“Why Should I Trust You?”
Explaining the Predictions of Any Classifier

Link to Paper

What did the authors try to accomplish?

The authors introduce a new way to interpret models using a technique they call LIME. They have devised both a local explanation technique and a global explanation technique. The key part of their technique is that their approach is model agnostic and that it will work with any kind of model and various types of data - tabular, text, and image.

What were the key elements of the approach?
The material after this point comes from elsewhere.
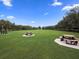 Green grassy park with picnic tables and benches at 2824 47Th E St, Palmetto, FL 34221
Their approach takes random samples around the specific data point to explain, then uses a weighted regression (weighted by how close the samples are to the original data point to explain) and then uses the coefficients from the regression to show the impact of each feature on the data. This can be seen in the visual, from the paper, below: LIME Image from paper

In this example, we are classifying data points as either being red X’s or blue circles. The original black box classifier found a non-linear decision boundary based on the red and blue shading. LIME then takes random samples around the point to explain (the bolded red X), used the black box model to make predictions, and then fits a linear model to separate the data. The downside of this approach is the results it returns can only be applied to that specific sample. If the model says a specific feature has a big influence on predicting the outcome, that may only apply to that specific instance and does not mean that is an important feature globally.

The authors also describe SP-LIME, which is used for coming up with global explanations. SP-LIME works by taking LIME and applying it to multiple data points with the idea that you take enough data points to thoroughly explain the entire model, without taking too long. Then looking at the results of all different points lime describes to get a sense of the global feature importance of each feature.
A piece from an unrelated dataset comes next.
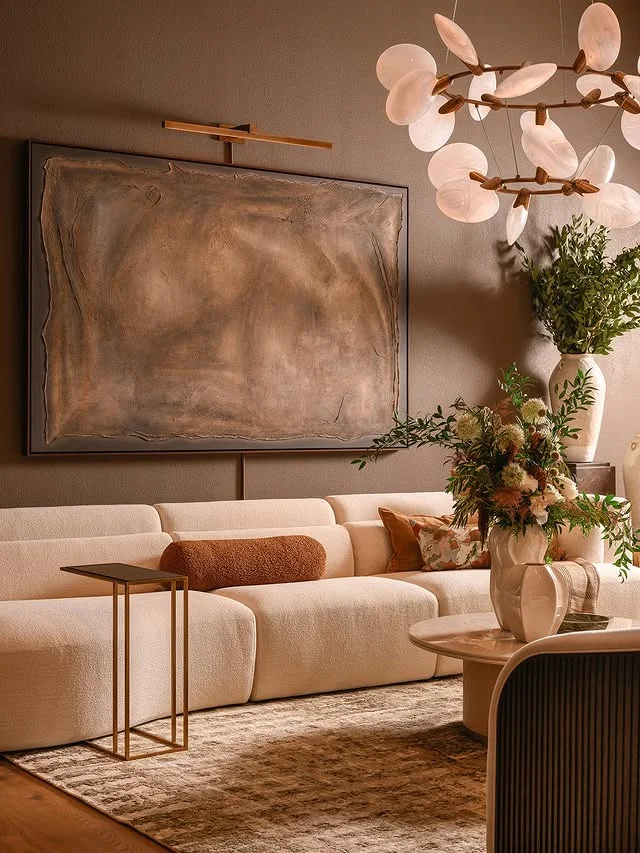 Warm modern living room with cream sofa and sculptural chandelier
What can you use yourself?

LIME already has a great python package, I have previously used the package in tutorials but would like to incorporate it in more use cases. I have never previously used SP-LIME and would like to try that out as well.

What other references do you want to follow?

The same authors came up with a follow-up to LIME called Anchors. Anchors addresses some of the limitations of LIME (namely that the results do not generalize to the entire model).